Antes de chegar à rodoviária de Tramandaí, vejo um nome familiar: Igreja Evangélica Pentecostal O Brasil para Cristo. Isso sim é ironia: moro em frente a uma dessas igrejas e a primeira coisa que vejo na cidade que vai me mostrar o mar pela primeira vez é a igreja O Brasil para Cristo...
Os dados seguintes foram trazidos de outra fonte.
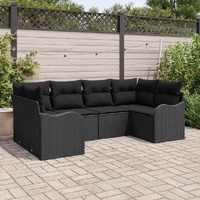 Garden Sofa Set with Storage 6 pcs Black Poly rattan
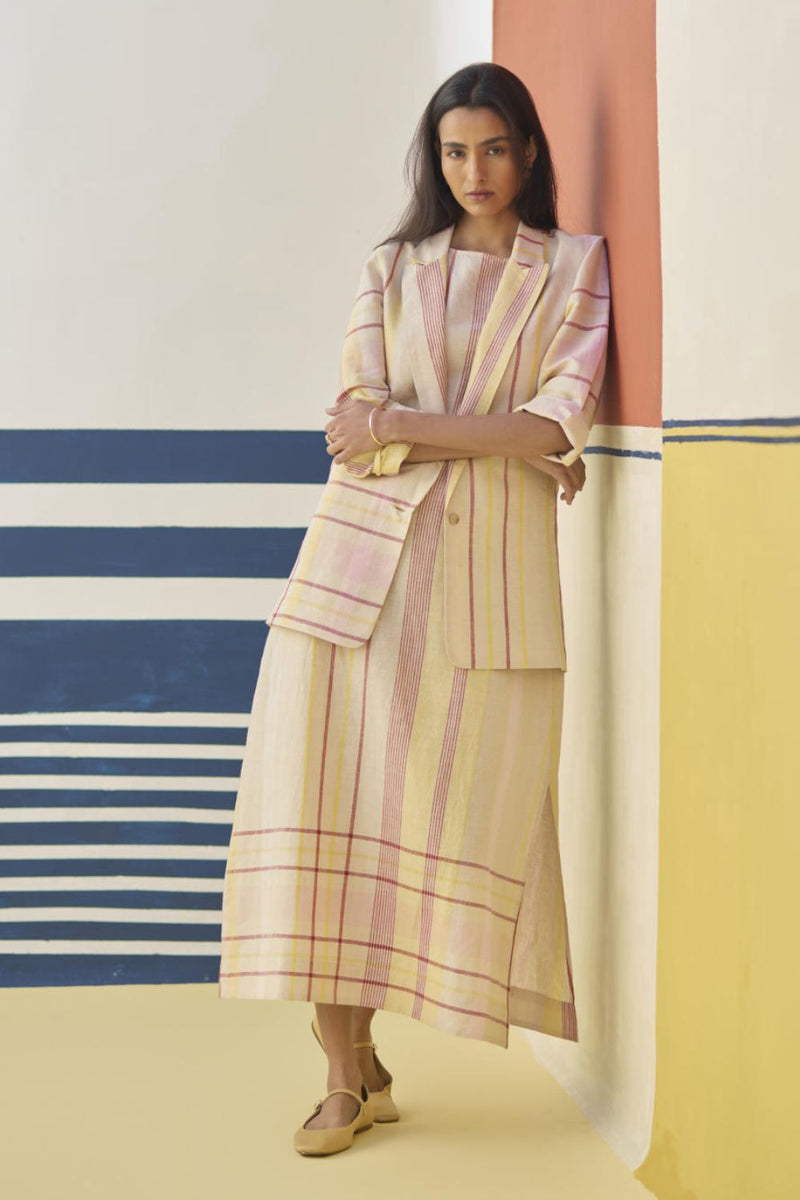 Inara Check Linen Dress With Blazer
 - Sand linen by Manan in natural color for women Worldwide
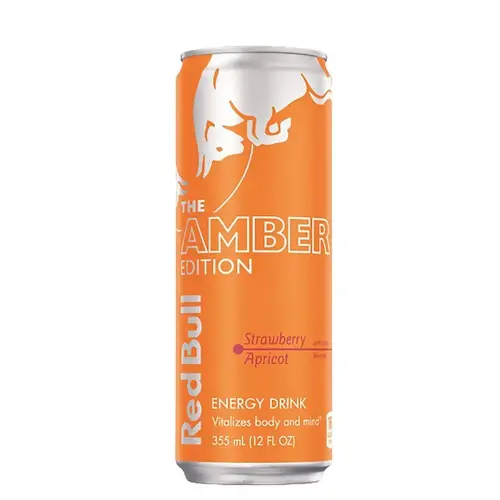 Red Bull RB240073-XCP24 Amber Edition Series Energy Drink, Strawberry Apricot, 12 oz, Can - pack of 24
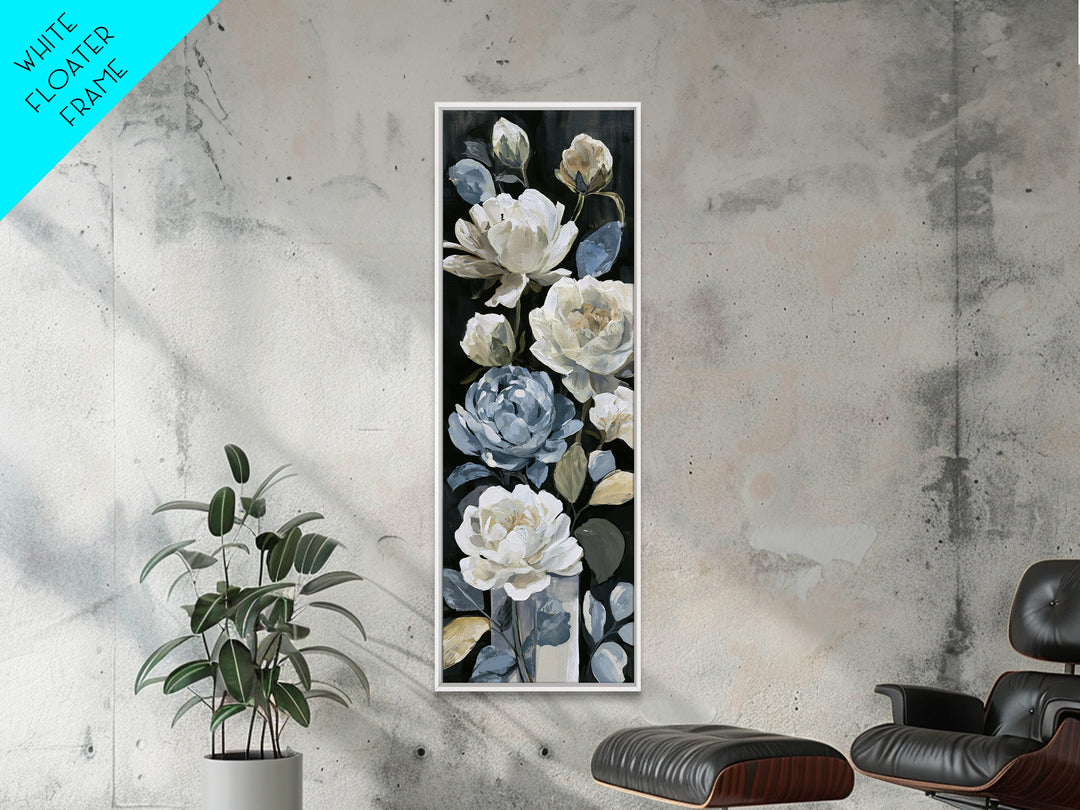 Moody Dark Background Bouquet for Formal Dining Framed Canvas Print, Dining Room Art, Kitchen Decor, Dining Room Decor, Dining, DRA-1x3-71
Rodoviárias são iguais em qualquer lugar, só muda o sotaque. Caminho rápido enquanto digito minha chegada em meu celular. Busco uma farmácia, onde compro um sal de fruta e uma lanchonete, ou lancheria, onde compro um copo d’água. Com meus bofes devidamente amansados me sento e aguardo. Penso em minhas pernas espremidas no último banco do ônibus, no documentário do History Channel que o rapaz gaúcho me mostrou em seu computador portátil (em Português, laptop) sobre a nave Apollo 13, no desfile de comidas onerosas nas paradas para descanso, no filme natalino que exibiram no busão (um tal de “Natal em Família”, produção da Disney), em como Michael Caine era muito mais charmoso que Mark Wahlberg na versão original do filme “The Italian Job” – exibido no ônibus também –, embora Charlize Theron seja absurdamente linda, no medo de altura que tenho e no fascínio que o abismo me causa (andar em rodovias que cortam a serra é belo e aterrorizante)...

Tudo se esvai quando Janio e Álvaro me localizam, sorriem e me dão um caloroso abraço de boas vindas. É uma injeção de adrenalina e endorfina. E de sentimentos indecifráveis.